(Dataset entries)
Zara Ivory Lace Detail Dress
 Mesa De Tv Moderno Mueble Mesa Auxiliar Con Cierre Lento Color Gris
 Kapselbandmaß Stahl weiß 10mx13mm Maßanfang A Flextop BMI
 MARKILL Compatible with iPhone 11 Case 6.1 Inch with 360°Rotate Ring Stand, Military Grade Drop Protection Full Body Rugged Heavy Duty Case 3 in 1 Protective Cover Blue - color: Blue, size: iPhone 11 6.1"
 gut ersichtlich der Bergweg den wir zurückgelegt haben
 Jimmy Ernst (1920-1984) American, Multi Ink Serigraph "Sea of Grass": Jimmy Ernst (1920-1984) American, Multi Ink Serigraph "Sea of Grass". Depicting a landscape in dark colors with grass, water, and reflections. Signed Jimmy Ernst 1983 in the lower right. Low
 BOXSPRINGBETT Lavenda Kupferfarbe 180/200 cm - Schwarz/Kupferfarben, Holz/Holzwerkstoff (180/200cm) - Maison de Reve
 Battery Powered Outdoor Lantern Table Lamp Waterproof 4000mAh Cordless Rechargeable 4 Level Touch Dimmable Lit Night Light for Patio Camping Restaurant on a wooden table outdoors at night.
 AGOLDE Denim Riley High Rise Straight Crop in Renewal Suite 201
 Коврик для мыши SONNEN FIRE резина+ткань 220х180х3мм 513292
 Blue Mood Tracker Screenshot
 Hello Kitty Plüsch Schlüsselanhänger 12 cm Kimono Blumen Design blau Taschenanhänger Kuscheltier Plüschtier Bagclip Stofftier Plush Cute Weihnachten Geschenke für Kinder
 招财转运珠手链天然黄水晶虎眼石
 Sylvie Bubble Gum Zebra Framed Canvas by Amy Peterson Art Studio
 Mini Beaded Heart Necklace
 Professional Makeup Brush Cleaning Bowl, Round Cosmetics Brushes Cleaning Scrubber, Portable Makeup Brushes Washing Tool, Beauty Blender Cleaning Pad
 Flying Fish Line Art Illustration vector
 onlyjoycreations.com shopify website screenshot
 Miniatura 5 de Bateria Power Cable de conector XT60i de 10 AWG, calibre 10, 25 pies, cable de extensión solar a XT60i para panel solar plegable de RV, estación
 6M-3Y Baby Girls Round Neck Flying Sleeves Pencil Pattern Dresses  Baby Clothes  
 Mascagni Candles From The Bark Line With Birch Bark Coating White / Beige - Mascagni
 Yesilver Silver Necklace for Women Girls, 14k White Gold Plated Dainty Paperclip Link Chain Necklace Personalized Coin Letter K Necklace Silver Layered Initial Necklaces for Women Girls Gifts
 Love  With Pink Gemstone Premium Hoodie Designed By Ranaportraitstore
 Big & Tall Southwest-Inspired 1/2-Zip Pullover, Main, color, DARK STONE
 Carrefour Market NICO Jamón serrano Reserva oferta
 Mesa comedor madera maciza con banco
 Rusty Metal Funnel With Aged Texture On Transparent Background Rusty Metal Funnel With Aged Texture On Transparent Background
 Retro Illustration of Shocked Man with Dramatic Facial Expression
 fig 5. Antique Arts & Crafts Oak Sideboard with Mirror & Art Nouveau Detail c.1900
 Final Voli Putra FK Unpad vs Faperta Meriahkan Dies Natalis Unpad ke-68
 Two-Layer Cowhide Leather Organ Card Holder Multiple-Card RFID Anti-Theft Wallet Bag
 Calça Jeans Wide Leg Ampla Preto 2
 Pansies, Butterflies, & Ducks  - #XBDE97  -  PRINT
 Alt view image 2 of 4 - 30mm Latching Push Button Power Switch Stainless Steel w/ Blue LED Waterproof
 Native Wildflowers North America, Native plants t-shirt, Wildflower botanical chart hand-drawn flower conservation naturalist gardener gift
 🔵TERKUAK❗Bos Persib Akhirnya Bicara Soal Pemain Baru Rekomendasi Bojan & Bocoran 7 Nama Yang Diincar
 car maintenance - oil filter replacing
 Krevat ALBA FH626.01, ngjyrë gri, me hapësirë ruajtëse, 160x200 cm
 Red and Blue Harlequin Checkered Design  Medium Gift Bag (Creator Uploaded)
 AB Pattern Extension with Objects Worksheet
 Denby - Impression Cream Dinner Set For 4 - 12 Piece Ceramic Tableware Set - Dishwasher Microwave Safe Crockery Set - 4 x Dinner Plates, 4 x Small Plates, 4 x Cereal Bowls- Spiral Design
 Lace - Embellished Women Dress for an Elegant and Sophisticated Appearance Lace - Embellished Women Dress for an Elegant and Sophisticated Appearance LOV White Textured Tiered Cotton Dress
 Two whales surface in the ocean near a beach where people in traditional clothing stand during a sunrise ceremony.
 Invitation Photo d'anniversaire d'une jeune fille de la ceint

THE TASK:
Lines from the start of the entries through the one containing "BOXSPRINGBETT Lavenda Kupferfarbe" are to be set down again exactly, both ends included.

ANSWER SECTION:
Zara Ivory Lace Detail Dress
 Mesa De Tv Moderno Mueble Mesa Auxiliar Con Cierre Lento Color Gris
 Kapselbandmaß Stahl weiß 10mx13mm Maßanfang A Flextop BMI
 MARKILL Compatible with iPhone 11 Case 6.1 Inch with 360°Rotate Ring Stand, Military Grade Drop Protection Full Body Rugged Heavy Duty Case 3 in 1 Protective Cover Blue - color: Blue, size: iPhone 11 6.1"
 gut ersichtlich der Bergweg den wir zurückgelegt haben
 Jimmy Ernst (1920-1984) American, Multi Ink Serigraph "Sea of Grass": Jimmy Ernst (1920-1984) American, Multi Ink Serigraph "Sea of Grass". Depicting a landscape in dark colors with grass, water, and reflections. Signed Jimmy Ernst 1983 in the lower right. Low
 BOXSPRINGBETT Lavenda Kupferfarbe 180/200 cm - Schwarz/Kupferfarben, Holz/Holzwerkstoff (180/200cm) - Maison de Reve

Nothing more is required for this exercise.